Generally, when a corporate entity raises money abroad, its rating (corporate) gets capped to the sovereign’s rating. With India’s sovereign rating going up a notch higher to Baa2 recently, RIL is set to become the first corporate to benefit in terms of better terms for this proposed offshore bond offering for which it has got Baa2 from Moody’s, say bankers and economy watchers.
RIL is expected to use the bond proceeds — estimated at about $800 million — for refinancing (replace high cost debts with a lower interest rate debt).
Mukesh Ambani-controlled RIL has embarked on a massive debt refinancing exercise and is expected to raise $1.8 billion through both offshore bonds and syndicated loans.
It may be recalled that RIL had recently informed the bourses that it was looking at issuing senior unsecured fixed rate notes of $800 million in a transaction not subject to, or exempt from, registration requirements under the US Securities Act of 1933.
The proposed issue was to commence on the week beginning November 20 (Monday) or any day thereafter, depending on market conditions, RIL had said in its filing with the stock exchanges.
Ratings rationaleCommenting on the RIL bond rating, Vikas Halan, Moody’s Vice-President and Senior Credit Officer, said that RIL’s Baa2 ratings reflects the company’s strong ability to generate operating cash flows, with annual EBIDTA exceeding $10 billion from its large-scale integrated refining and petrochemical operations — which generate strong margins — and the company’s nascent but growing digital services business.
Moody’s also said that the proposed bond will rank pari-passu with all of RIL’s other existing and future unsecured and unsubordinated obligations.
Halan, who is also Moody’s lead analyst for RIL, said that the Baa2 rating also incorporates the increase in RIL’s business risk because of its growing digital services segment “and our expectation that the high cash outflow for capital spending will keep its free cash flow negative over at least next 18 months”.

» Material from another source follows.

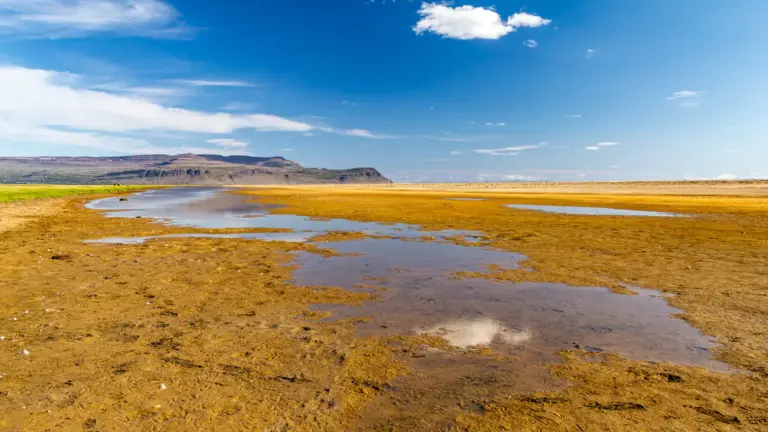 Rauðisandur - goldgelber Sandstrand in den Westfjorden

Even though RIL’s projects in the refining and petrochemical segments are nearing completion, the cash outflow for capital spending will remain high as payments to creditors for past capital expenditure are made over the next 12-18 months, according to Moody’s. Such payments along with additional capital spending in the digital services business will constrain any reduction in net borrowings until fiscal ending March 2019, the global rating agency said.
Retained cash flow (RCF)/adjusted net debt improved to 16 per cent in fiscal 2017 from about 14 per cent in fiscal 2016, but remains weak for its ratings.
Moody’s anticipates that RIL’s RCF/adjusted net debt should improve to above 20 per cent in fiscal 2018, a level which would be appropriate for its ratings.